It's taken a while, but if you can just dumb down the average person, create a culture that celebrates illiteracy and pop wisdom, pretty soon all the lessons of history are forgotten as Britney's foibles consume the psyche of the country. A few decades to wind up running the joint isn't such a bad trade-off, I suppose. It was well under way by the 70's, and really hit on all cylinders in the 80's, as BCCI and the S&L debacle illustrate. The media played along then, as members of the administration - many the same characters who are running wall street today - ran interference for the crooks of that time, so that Wall Street, and international criminal syndicates, could clean up bigtime at the expense of the US taxpayer.

Nothing has changed, but after the dot com transference of wealth, it would take a totally different casino to lure in the rubes with any remaining cash. Real Estate was a good play, as Wall Street invented ever more complicated ways to make garbage seem like gold in order to earn big fees. What is the difference between junk bonds, where garbage debt was sold to the taxpayer via the middle man of S&Ls by Wall Street in order for it to make fat fees from creating the paper and selling it, and today, where garbage mortgage paper is sold to the taxpayer (who will ultimately pay the bill, mark my words, of the banks "too big and important to fail") via the middle man of the banking system, all so Wall Street can make fat fees creating and selling the paper?

I've seen this trick before. It's the same scam. Greed drives the sophisticated and unscrupulous to create new ways to make outsized money by peddling dangerous crap, with the safety net of the US taxpayer waiting in the wings to subsidize the inevitable failures when the music stops. That's where we now are. The music stopped, but the ship takes a while to come to a halt. Everyone is just arranging the chairs now, posturing while they wait for the inevitable federal bailouts.

Did everyone catch the little snippet where Goldman Sachs happens to "mention" that the fallout from the credit meltdown could be $2 trillion? On Bloomberg? And that is just the initial desensitizing warmup. Wait until the punchline. It will be a whopper, trust me on that.

Scary times, folks.
Re: What's $192 Billion in Fails to Deliver and Receive Among Friends? By Hendy on 11/20/2007 7:23 AM
Bob

Have you joined any of the class action law suits against NFI?

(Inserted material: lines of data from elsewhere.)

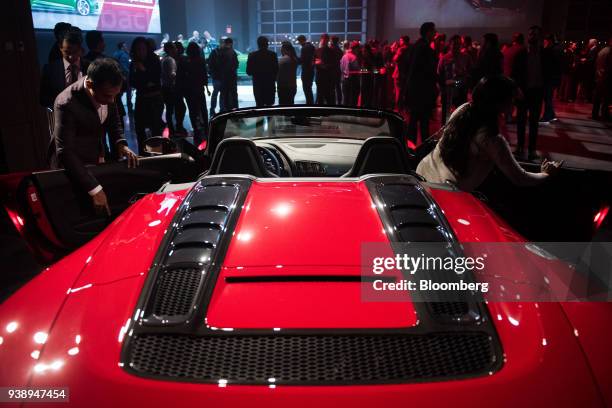 Attendees inspect the Audi AG R8 V10 Plus sport vehicle during an event in New York, U.S., on Tuesday, March 27, 2018. Audi is heavily promoting its...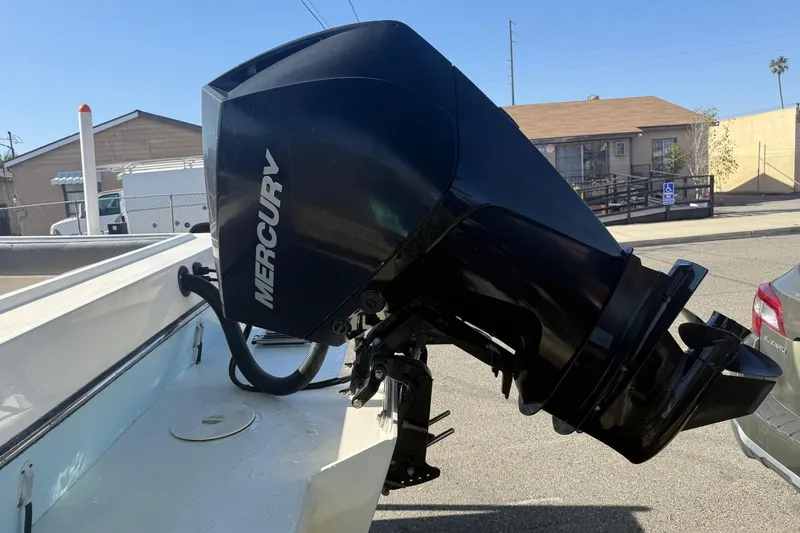 Slide: The Image of Mercury outboard motor on 2021 Defiance Admiral 220 EX boat, parked in urban setting. - 6
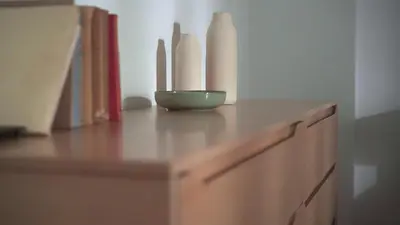 a wooden cabinet with a bowl on top of it at Modern Two-Bedroom Apartment In Kolonaki, Peridot - Homes in Athens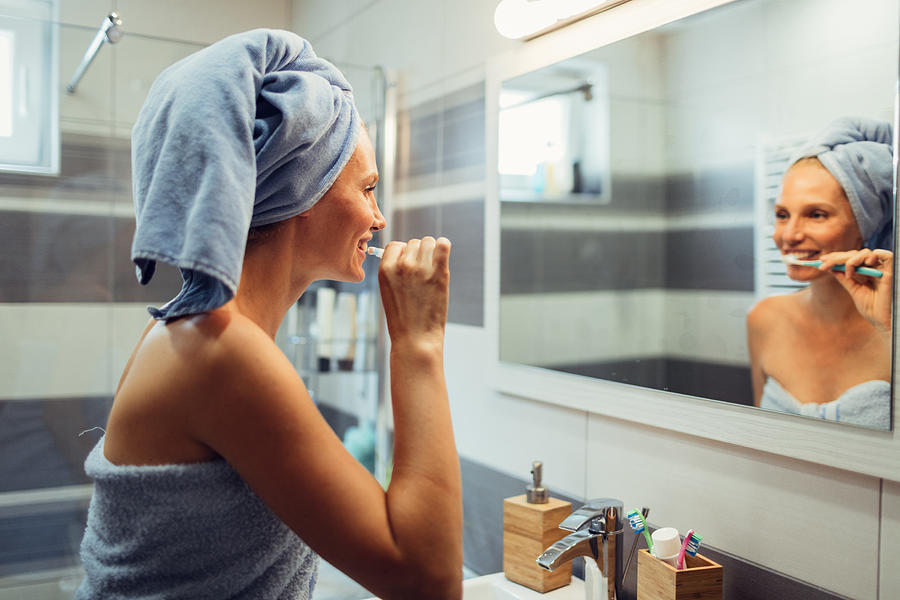 Woman brushing teeth in bathroom Photograph by Vgajic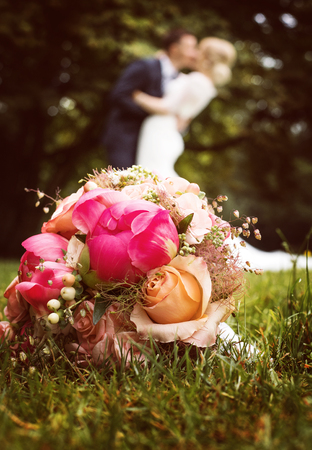 Bride and groom kissing behind bouquet of flowersの写真素材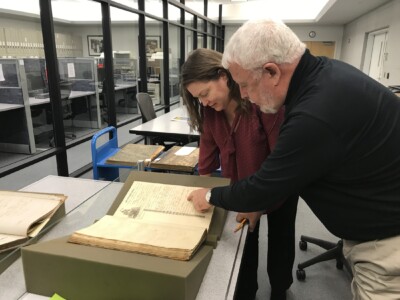 Alabama State Archaeologist Stacye Hathorn and Jim Examine Clotilda's Original Registry Documents at The National Archives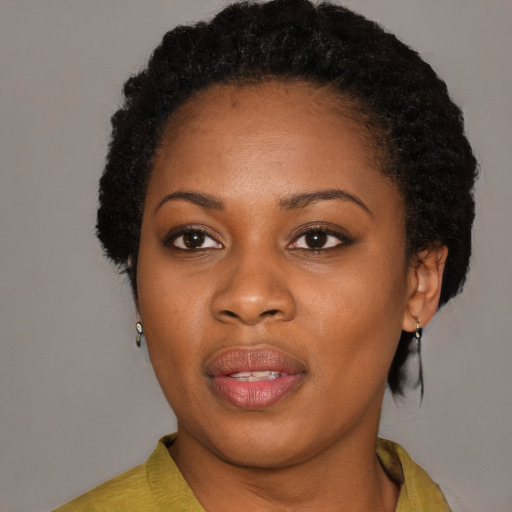 Joyful black young-adult female with short  black hair and brown eyes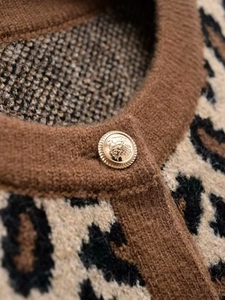 Detailansicht der goldenen Löwenkopf-Knöpfe an der Strickjacke mit Leopardenmuster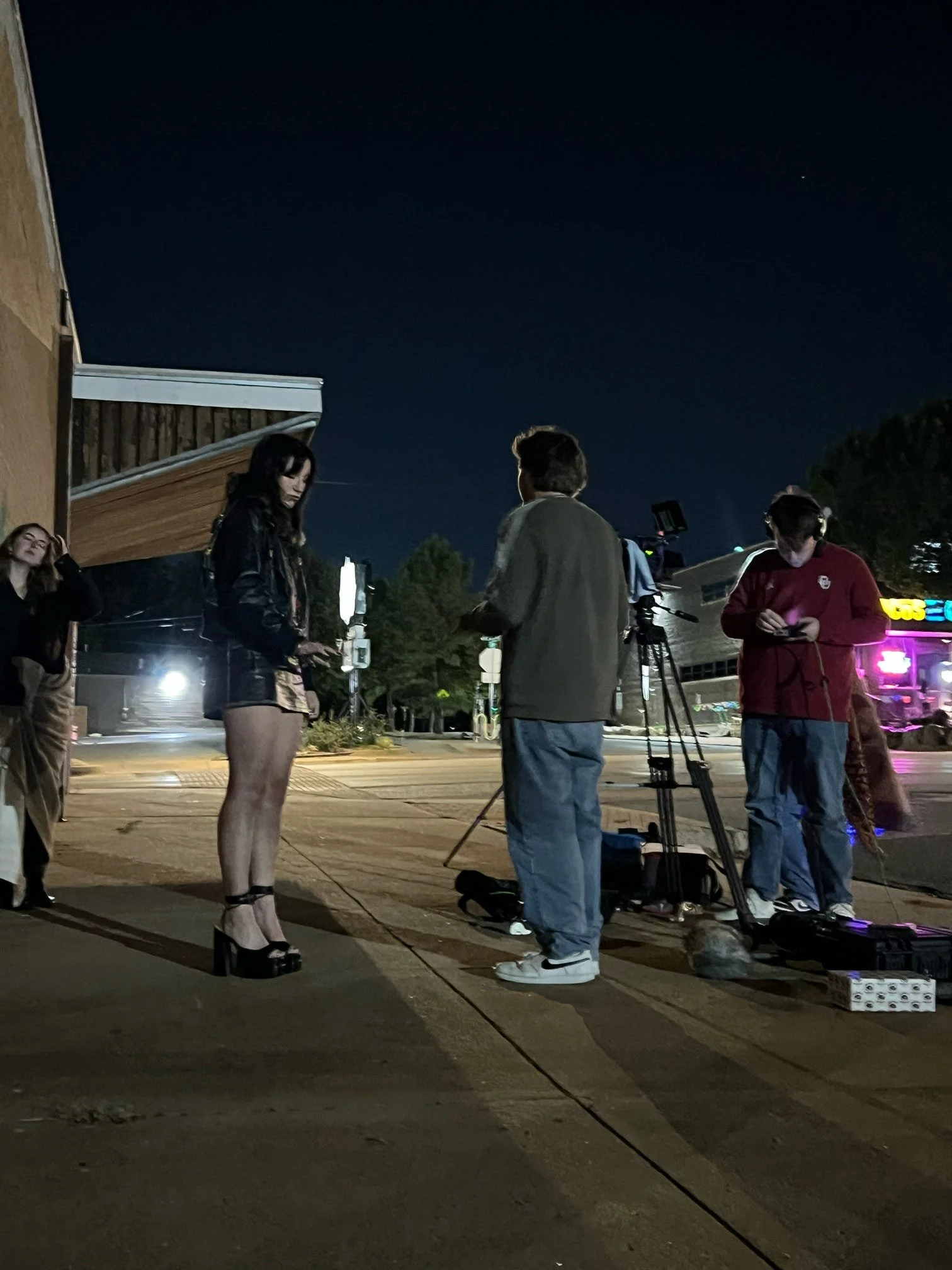 Behind the scenes photo from 'Call Girl' (2025) with the crew filming Conner Cagle on a sidewalk outside, with Ryan Christopher Park giving direction.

Could be a good way to get some of the money you lost in the NFI stock fraud

Hendy
Re: What's $192 Billion in Fails to Deliver and Receive Among Friends? By Monksdream on 11/20/2007 7:20 AM
In my own small way, I have started writing snail mail letters to NC newspaper editors about Reg SHO and market reform. Also, I will contact the county Democratic party about my interest in market reform. It's a start.
Re: What's $192 Billion in Fails to Deliver and Receive Among Friends? By bobo on 11/20/2007 7:31 AM
Hendy: I'm sorry, are you referring to the famous case brought by now indicted Milberg Weiss against NFI, 24 hours after the WSJ ran a hit and run piece, and Rocker serendipitously bought many millions of dollars of put options that would have expired worthless had these two events not taken place? Is that the fraud you are thinking of, where most of the retirees lost it all? Oh, that's right, you can't be, that was settled out to make it go away. Of course, if you review Patrick's presentation, you will see how Rocker is coincidentally involved in 90% or so of the MW actions he cites. Wow. If only there was a pattern, huh?

Is that the fraud you are talking about? The fraud that decimated thousands of investors, so a few hedge funds could take their money during the hottest mortgage market in history, on a bet gone horribly wrong for the hedge funds? That fraud? Or are you insinuating that now that the market turned and the paper is out of favor, that there was a fraud committed in the stock because of that change in sentiment? If that is what you are referring to, you'll be well advised to get in line for the $2 trillion in hits the financial sector is going to take, per GS, from dealing in this "fraud."

Post hoc reasoning is always fun, especially when one selectively omits huge chunks of relevant data, and starts out with a "When did you stop beating your wife" type of interrogative.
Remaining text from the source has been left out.